- [Try it]:
The material below is to be copied exactly from the line with "Bismillahirrahmanirrahim. Welcome to" up to and including the line with "We return dp[numberOfCoins-1][sum]", with nothing else kept and no pictures.

- [Provided entries]:

______

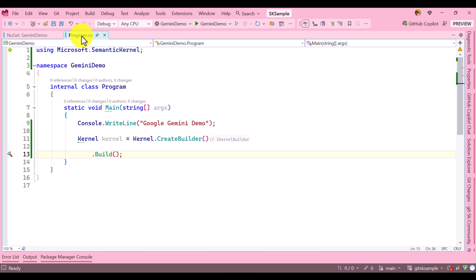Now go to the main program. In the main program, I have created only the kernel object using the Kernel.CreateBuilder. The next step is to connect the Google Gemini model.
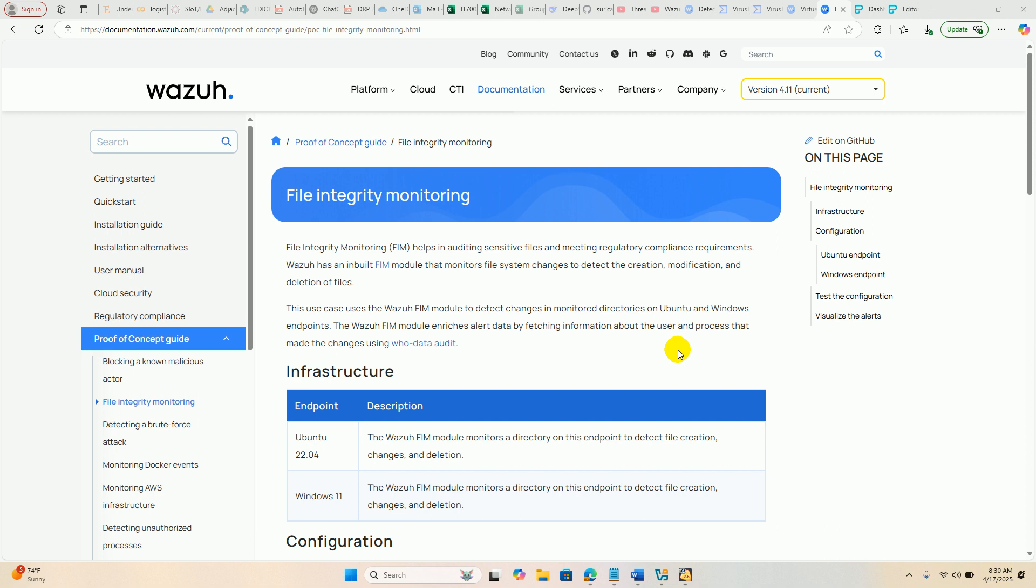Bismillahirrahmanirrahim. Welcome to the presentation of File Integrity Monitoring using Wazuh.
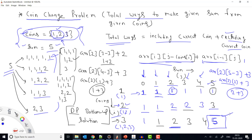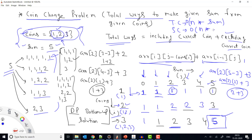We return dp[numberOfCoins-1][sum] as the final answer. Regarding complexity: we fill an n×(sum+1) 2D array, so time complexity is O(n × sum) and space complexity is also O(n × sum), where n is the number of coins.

______

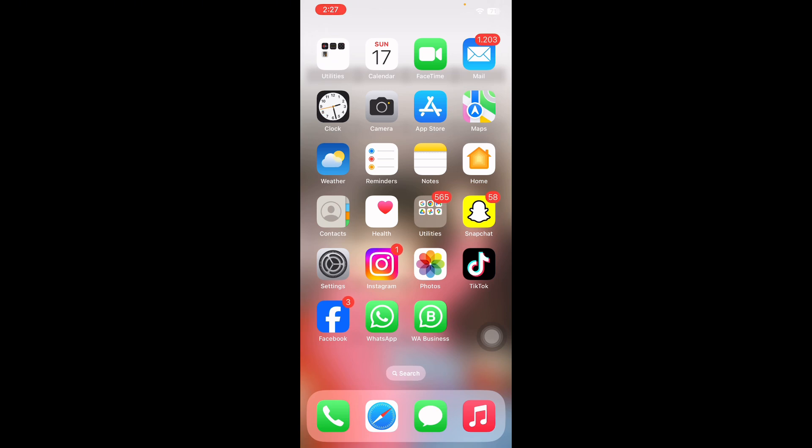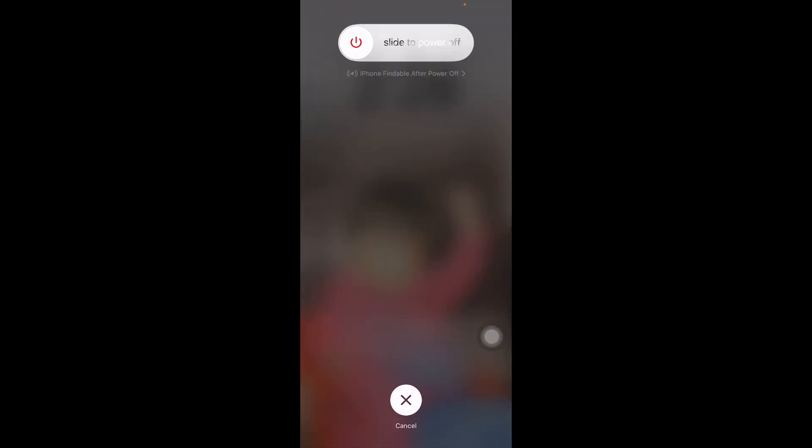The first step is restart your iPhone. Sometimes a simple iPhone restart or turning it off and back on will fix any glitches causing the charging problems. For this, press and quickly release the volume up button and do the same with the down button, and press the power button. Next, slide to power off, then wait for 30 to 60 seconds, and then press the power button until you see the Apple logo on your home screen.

______

- [Response to the exercise]:
Bismillahirrahmanirrahim. Welcome to the presentation of File Integrity Monitoring using Wazuh.
We return dp[numberOfCoins-1][sum] as the final answer. Regarding complexity: we fill an n×(sum+1) 2D array, so time complexity is O(n × sum) and space complexity is also O(n × sum), where n is the number of coins.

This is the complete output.